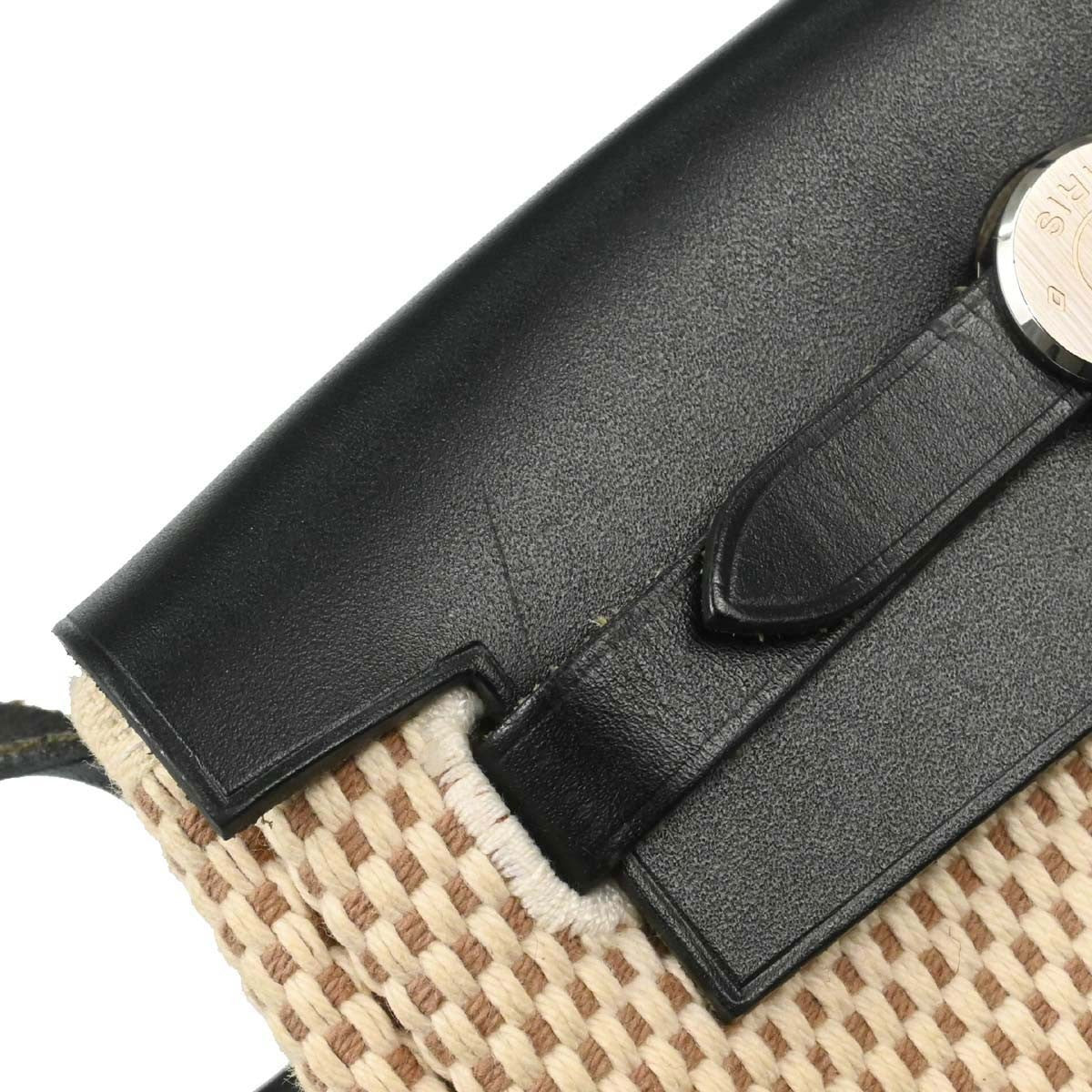 Hermes Herbag Toile And Leather Beige Canvas Handbag (Pre-Owned)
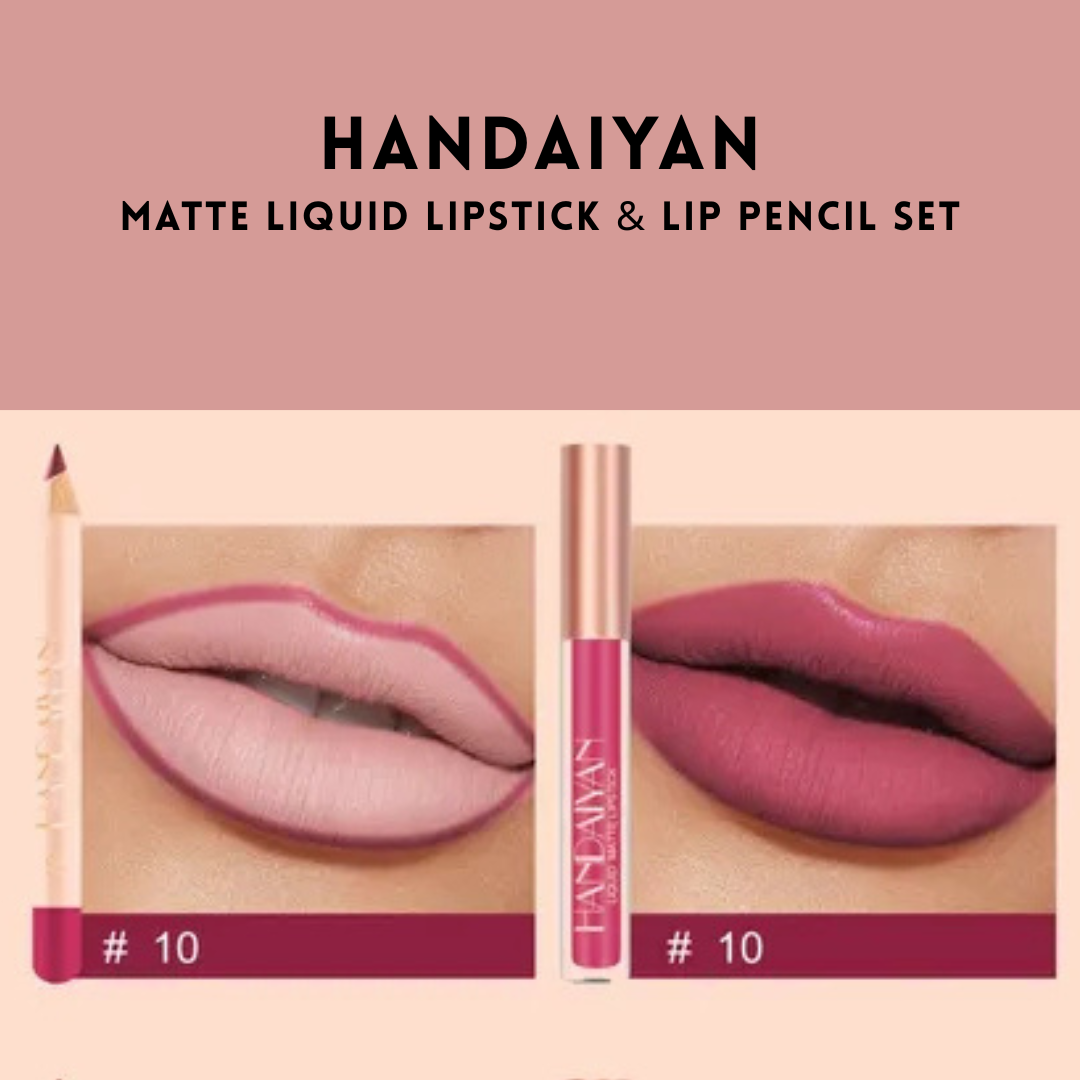 HANDAIYAN - Matte Liquid Lipstick &amp; Lip Pencil Set [(Lip Glaze*3ml &amp; Lip Pencil*1.2g)] - Youglow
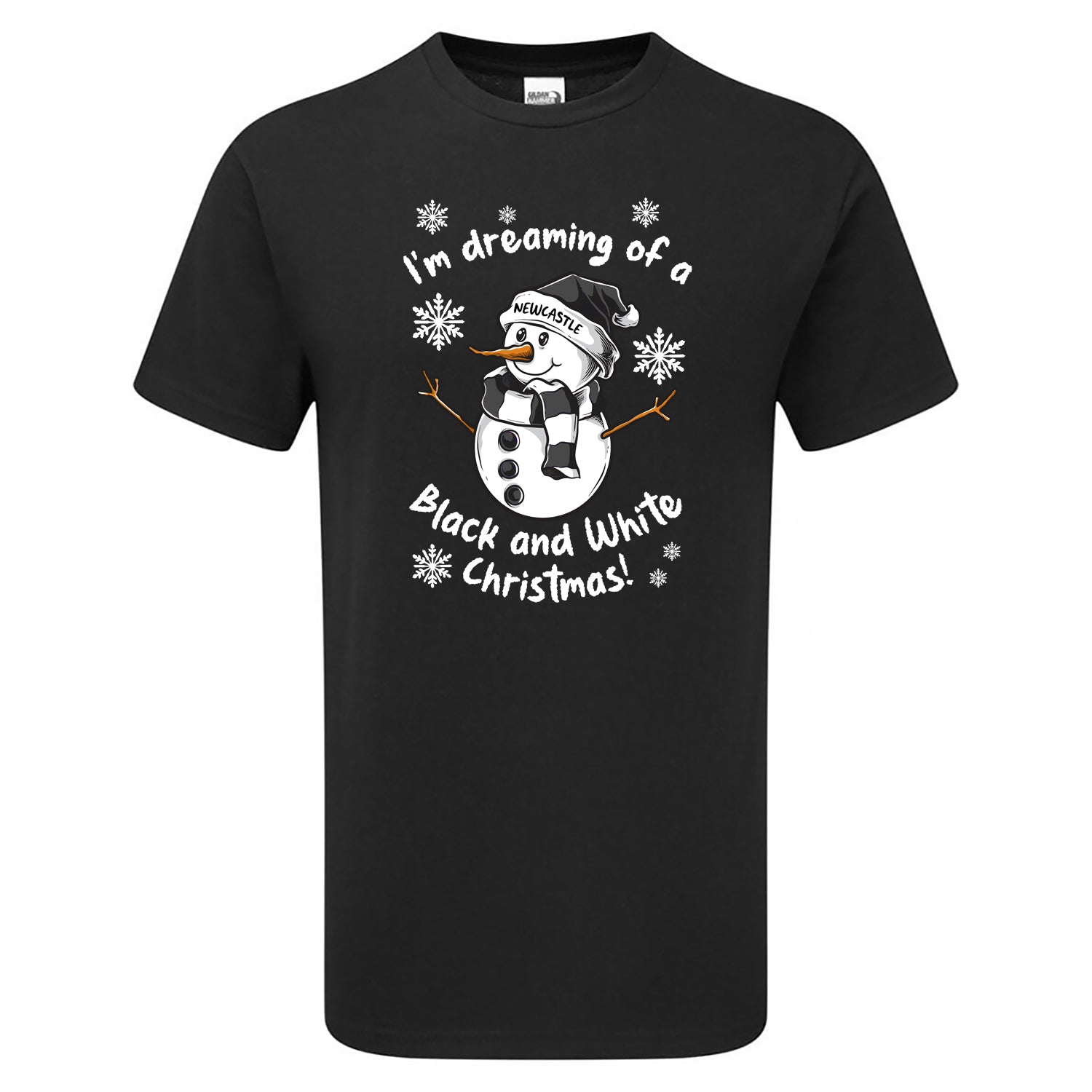 Newcastle Black & White Christmas Snowman Men's Tshirt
--*--
### Problem statement
What is needed is an exact copy of the data, with the pictures removed.

### Task result
 Hermes Herbag Toile And Leather Beige Canvas Handbag (Pre-Owned)
 HANDAIYAN - Matte Liquid Lipstick &amp; Lip Pencil Set [(Lip Glaze*3ml &amp; Lip Pencil*1.2g)] - Youglow
 Newcastle Black & White Christmas Snowman Men's Tshirt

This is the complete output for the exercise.